Goldman, who also converted his novels “Marathon Man,” ”Magic,“ ”The Princess Bride“ and ”Heat“ into screenplays, clearly knew more than most about what the audience wanted. He was not only a successful film writer but a top script doctor, the industry title for an uncredited writer brought in to improve or ”punch up“ weak screenplays.

Goldman also made political history by coining the phrase “follow the money” in his script for “All the President’s Men,” adapted from the book by Washington Post reporters Bob Woodward and Carl Bernstein on the Watergate political scandal. The film starred Robert Redford as Woodward and Dustin Hoffman as Bernstein. Standing in the shadows, Hal Holbrook was the mystery man code-named Deep Throat who helped the reporters pursue the evidence. His advice, “Follow the money,” became so widely quoted that few people realized it was never said during the actual scandal.

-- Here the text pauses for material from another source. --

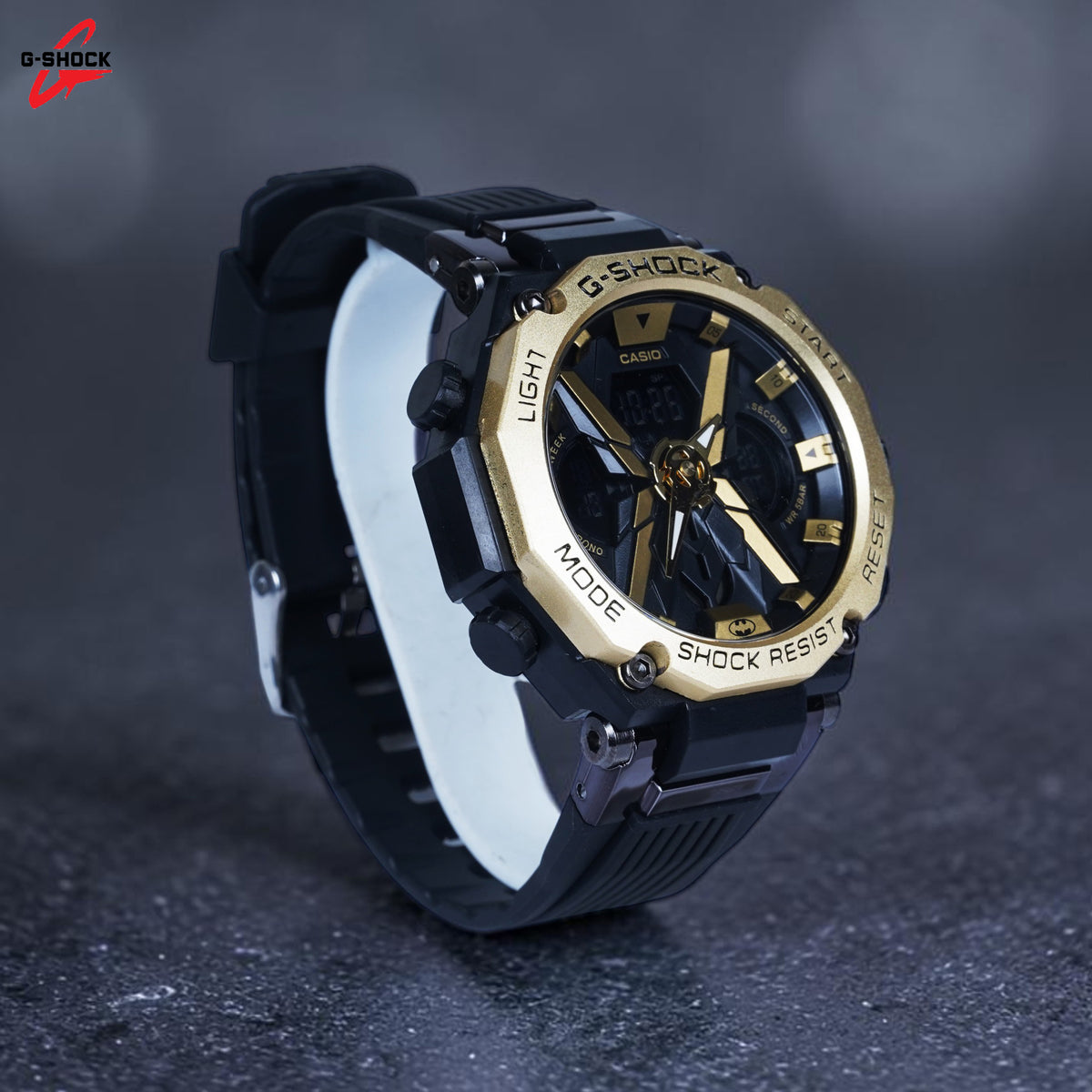 G Shock Batman Edition ( Black Gold )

A confirmed New Yorker, Goldman declined to work in Hollywood. Instead, he would fly to Los Angeles for two-day conferences with directors and producers, then return home to fashion a script, which he did with amazing speed. In his 1985 book, “Adventures in the Screen Trade,” he expressed disdain for an industry that elaborately produced and tested a movie, only to see it dismissed by the public during its first weekend in theatres.

“Nobody knows anything,” he remarked.